Content marketing is the art of sharing valuable content with your readers, followers and fans. You invest in content marketing for a variety of reasons but the ultimate goal is to drive potential customers to your site. Just like a garden, your content marketing strategy is a bouquet of different flowers including blogs, forums, social networking platforms, videos, e-books, webinars, podcasts and pictures. Just like your floral friends, your content marketing needs time to grow. You can trim those branches which aren’t performing and add new flowers to your bouquet as you go along. And, with a little nurturing, you’ll be coming up roses and reach that coveted first page ranking in a search.
Content Marketing as we Know It
Providing valuable content helps you to establish yourself as an expert in the field which is a great way to garner trust. Disseminating valuable information means you become a sought-after resource for potential customers. Proving something to your customers for nothing creates a dashingly good impression and makes them more likely to acquiesce to your requests for email addresses and more responsive to your calls to action.
Of course the Holy Grail of content marketing is to create content so compelling that readers, searchers, fans and users share your content, read your blogs and return to your website often. This will convince search engine algorithms that you are a hotbed of information that is relevant, regularly updated and accurate.

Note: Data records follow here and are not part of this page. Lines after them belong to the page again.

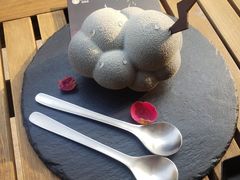 -茶是一枝花泡茶店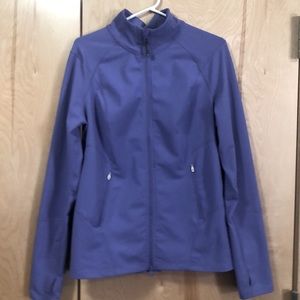 Zella Athletic Jacket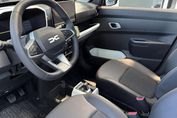 Dacia Spring Extreme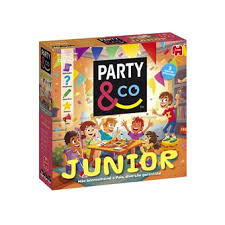 PARTY & CO JUNIOR 1120100295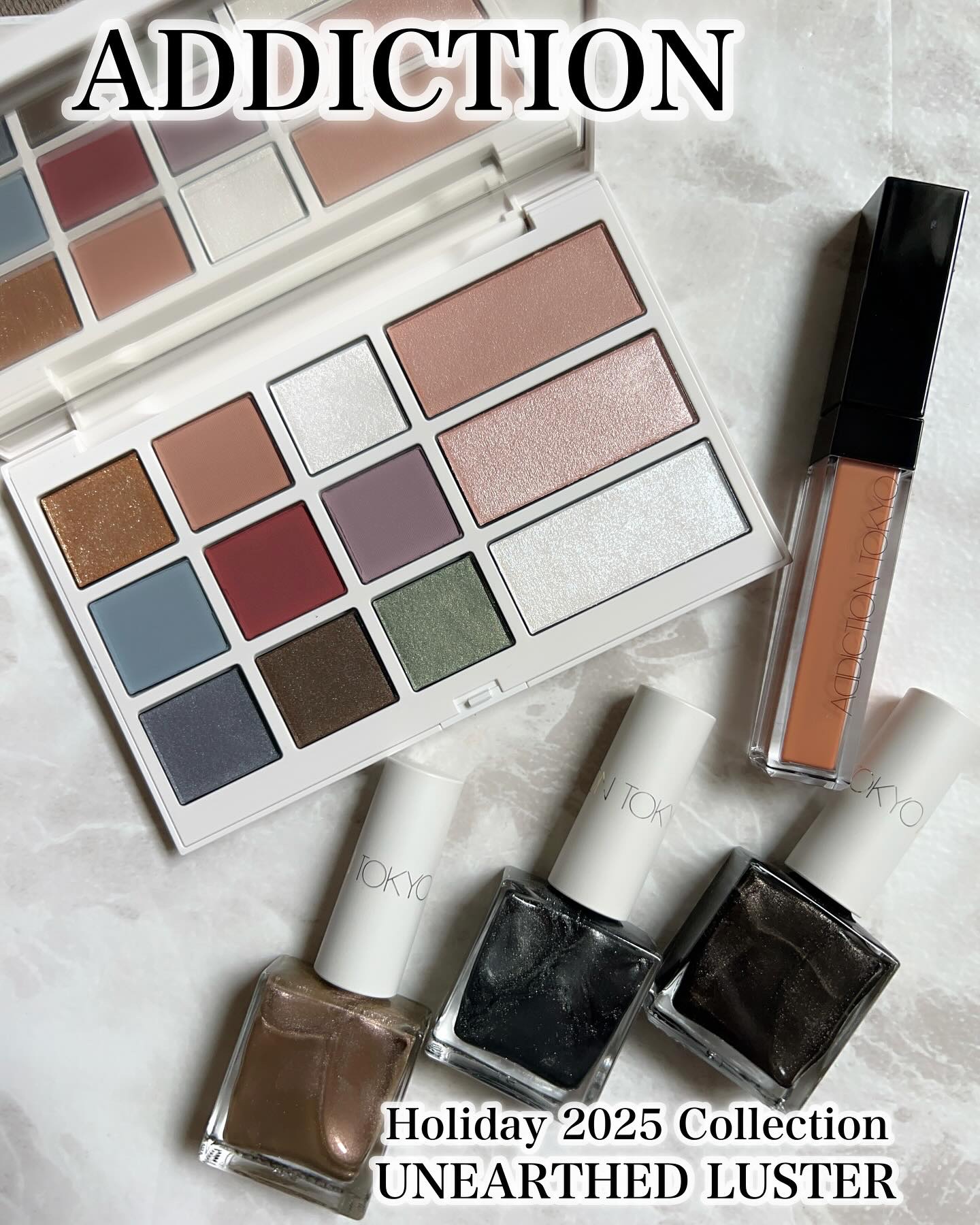 アディクション　リップ セラム ティント/ADDICTION/リップティントを使ったクチコミ（1枚目）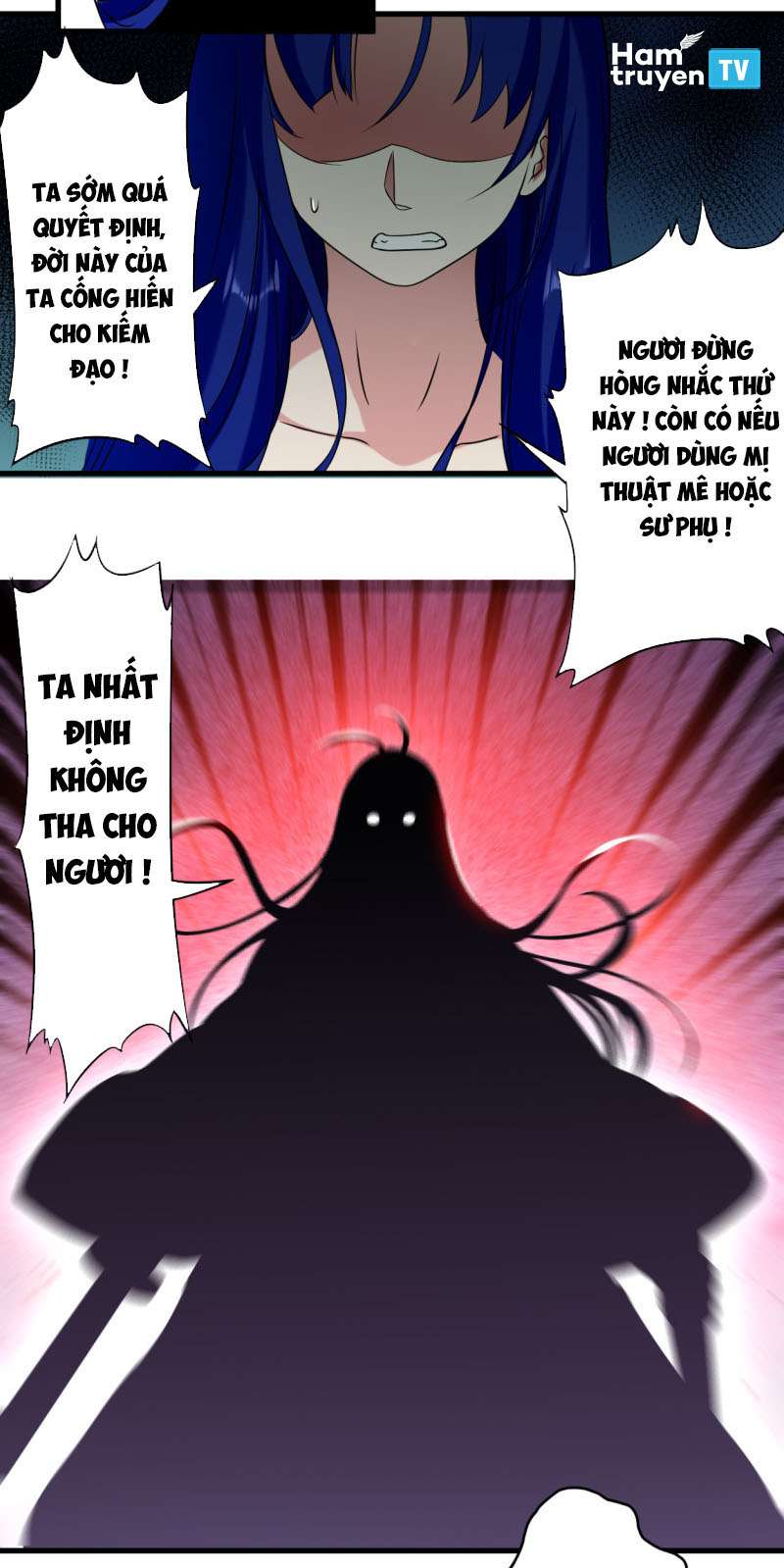 Đệ Tử Của Ta Đều Là Siêu Thần Chapter 31 - Trang 2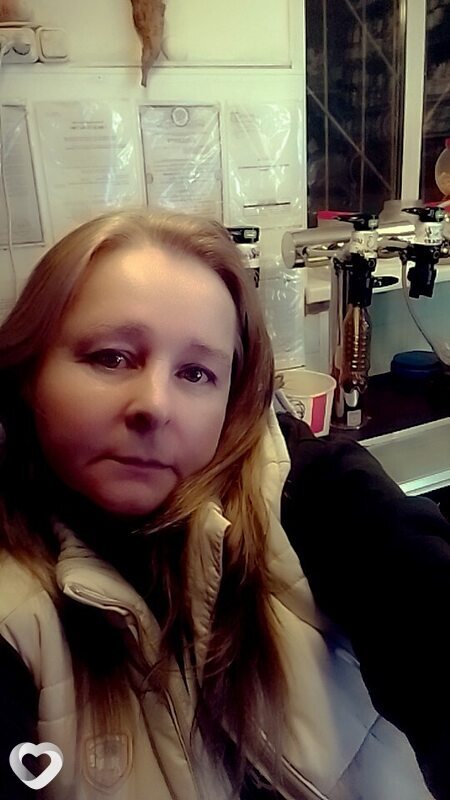 Ксения, 50, Иванове — анкета №926584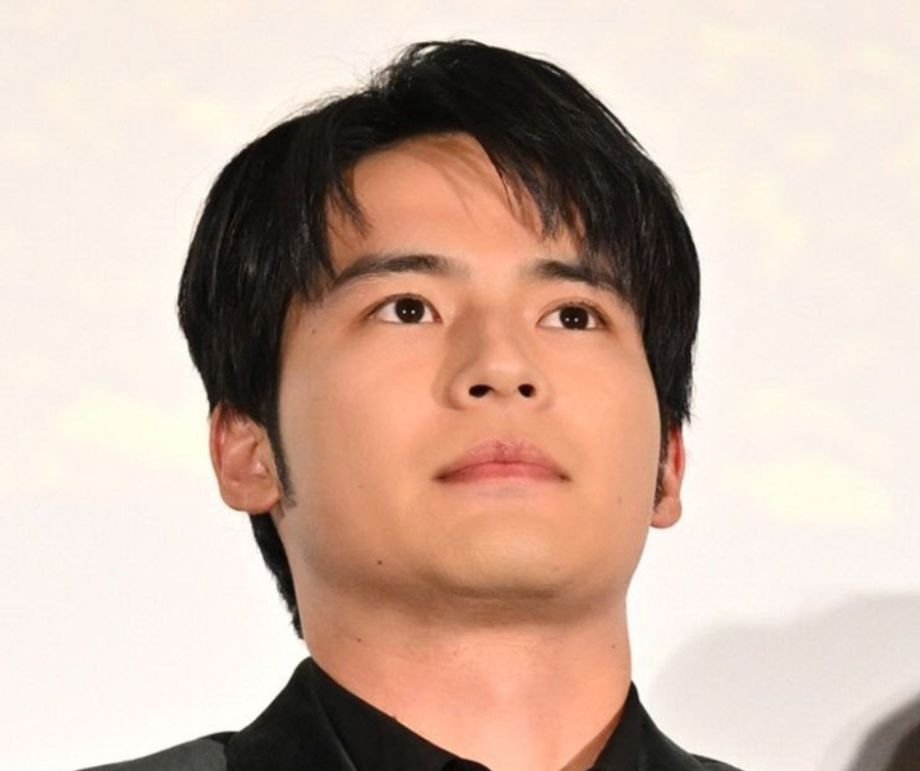 俳優・水上恒司、26歳で電撃結婚＆パパに！年上一般女性との真剣交際から「新たな生命」へ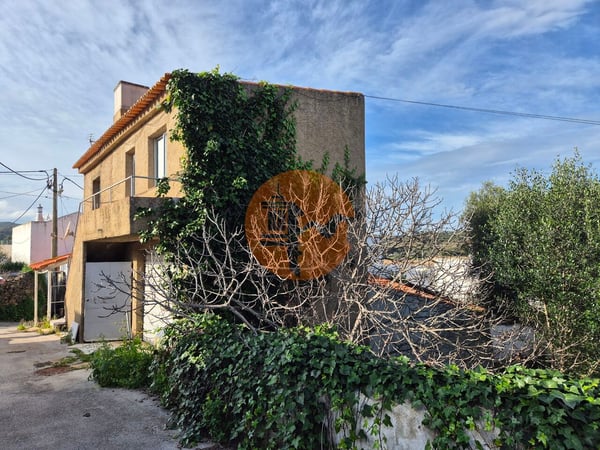 Villa in Alcoutim - view 1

This will enable you to surge through the rankings until you meet the coveted first page.
Semantic Search: The Future of Content Marketing
While linking and keywords are the way search engines have traditionally determined relevance, future searches will focus on semantic search. Semantic searches, in short, try to answer questions in the same way a person would. When you type a question into a search engine, semantic search capabilities attempt to understand your intent to deliver more relevant results. It’s a move beyond ranking algorithms to use semantics, which is the science of meaning in language, to deliver more results that accurately and thoroughly answer your question.
If I wanted information about Denzel Washington Movies for example, this is what a semantic search would look like:
Semantic searches mean that your search engines will have to draw on a number of different sources to ascertain your proclivities, tastes, interests and past purchases. By keeping a database of all the things you have searched, bought and read in the past, your search engine can get a better idea of what to include in an answer to your questions. This will also affect the kinds of adverts that are displayed on your search page and make it more likely that readers will click through.
Adapting your content to Semantic Searches
You can prepare for the coming shift in search criteria by offering answers to questions in your headlines and making these the focus of your content. You can refer to the Google Structured Data Markup Helper here for specifics on how to create data that Google can decipher. Schema.org is a common vocabulary system set up by Microsoft, Yahoo! And Google which describes data on the web. When you add the schema.org markup to your HTML pages, search engines can find and decipher your data and email.
Simon Penson from Search Engine Watch sums it up like this: “Look to solve problems for your audience, work hard on schema opportunities and other meta data integration, think more laterally in terms of your ideation process and create great content for that is the short answer.”
Doc Sheldon echoes our own sentiments that there is no substitute for great content and communication: “Bottom line: You need to start building your content with concept and context in mind. That’ll result in better content, more directed to your visitors – then you can stop worrying about whether Google has a clue about the topic your page is focused on. Just communicate.”